Thanks for raising this — I came to the same conclusion after reading PEP 619.
Since security-only releases stop shipping precompiled Windows binaries after three years, tools like winget are stuck on older patch versions (e.g., 3.10.9 instead of 3.10.19), even though newer security fixes exist.

It would be great if the Windows package feed could provide the latest patched builds. As I see it, we have two possible approaches:

Build Python ourselves via a Winget pipeline so that the official Winget package always tracks the latest security patch.

Use the community-maintained builds like the ones in adang1345/PythonWindows — assuming the trust and reproducibility aspects can be verified.

Do you think it would be feasible for the Python Windows maintainers to ship these security-patch binaries, or support an automated pipeline? Even unofficial builds in Winget would already improve security for many users.

Short Response (English)

Your observation about PEP-0619 causing winget to lag on security-patched Python versions (e.g., 3.10.19 vs. 3.10.9) is spot on. Here’s a quick take on your options and feasibility:

1. Custom winget compilation pipelines: Most reliable/secure (you control builds from official Python source) but requires upfront CI/CD setup (e.g., GitHub Actions) and ongoing maintenance (handling Windows build tools, patch updates). This is absolutely feasible for serving security-patched versions (you can publish to official winget-pkgs or a custom feed).
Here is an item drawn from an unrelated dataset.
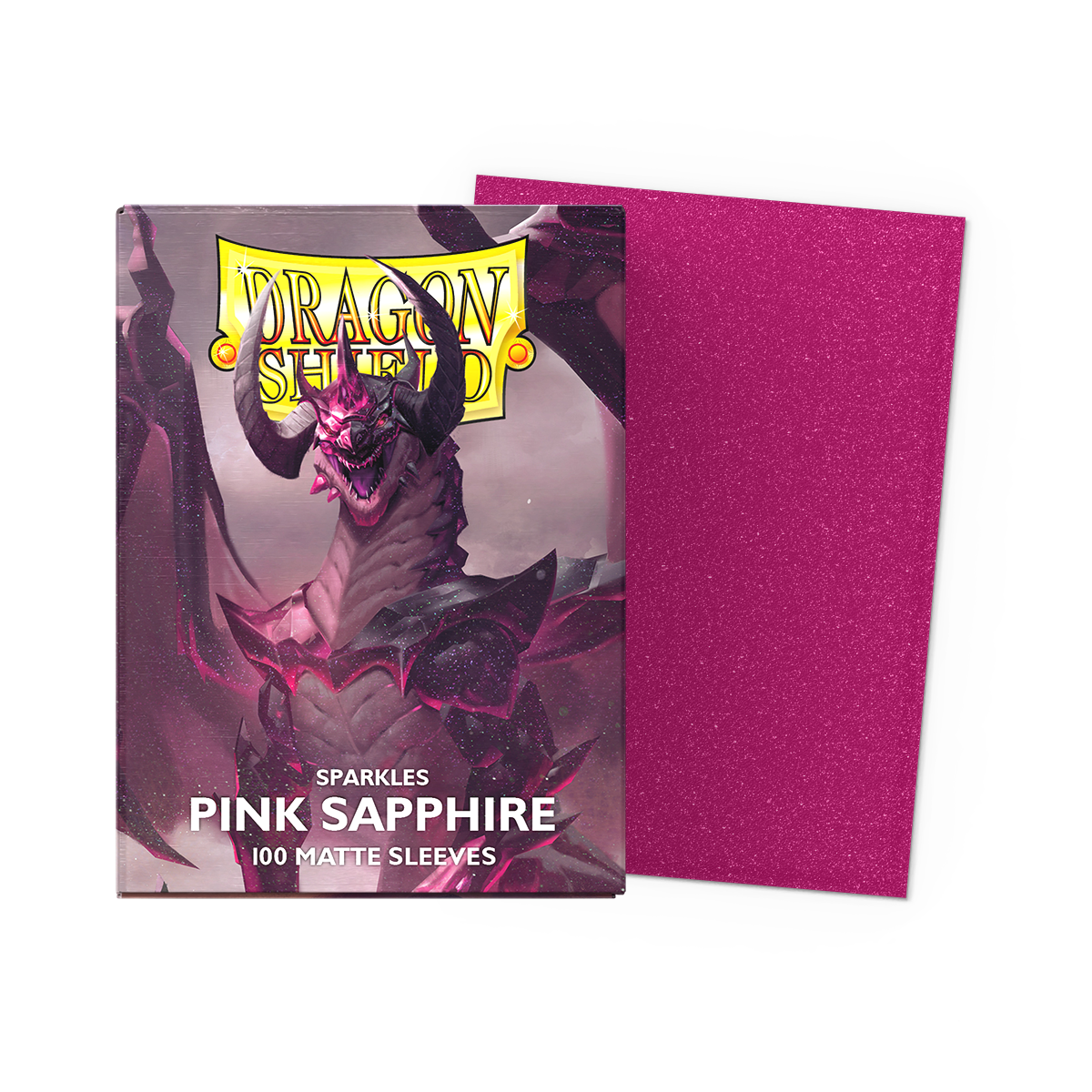 Dragon Shield Matte Sparkles Sleeves - Pink Sapphire (100-Pack)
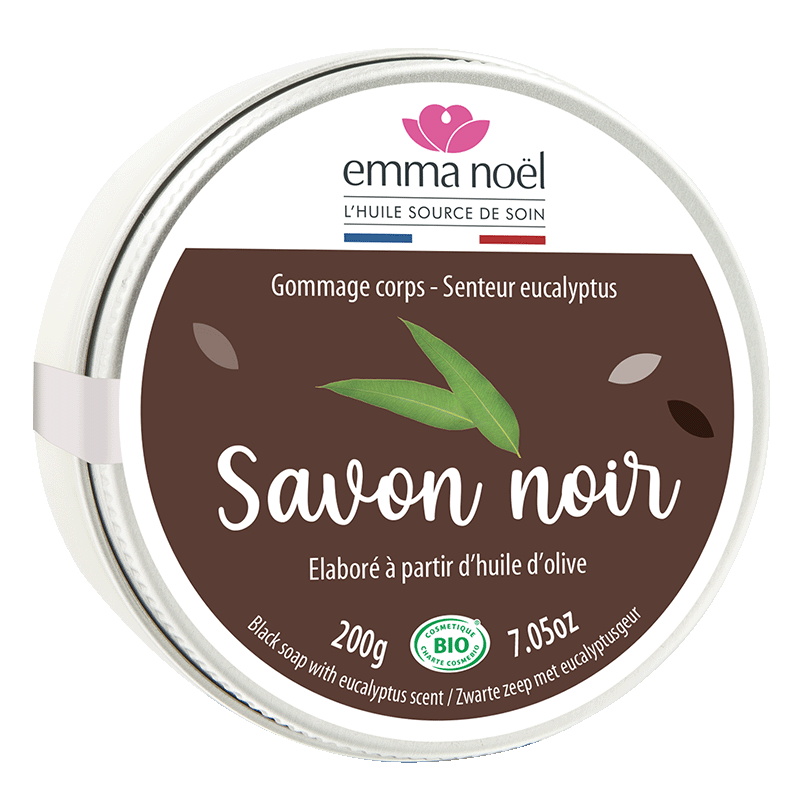 Emma Noël -- Savon noir hammam à l'eucalyptus bio - 200 g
2. Using adang1345/PythonWindows: Faster shortcut but high trust/sustainability risks—you must verify the repo uses unmodified official source, has auditable build logs, and updates binaries consistently. Third-party precompiles carry system-level security risks.

In short: Serving security-patched Python via winget is possible—custom pipelines are the safest path, while the third-party repo is only viable if fully audited.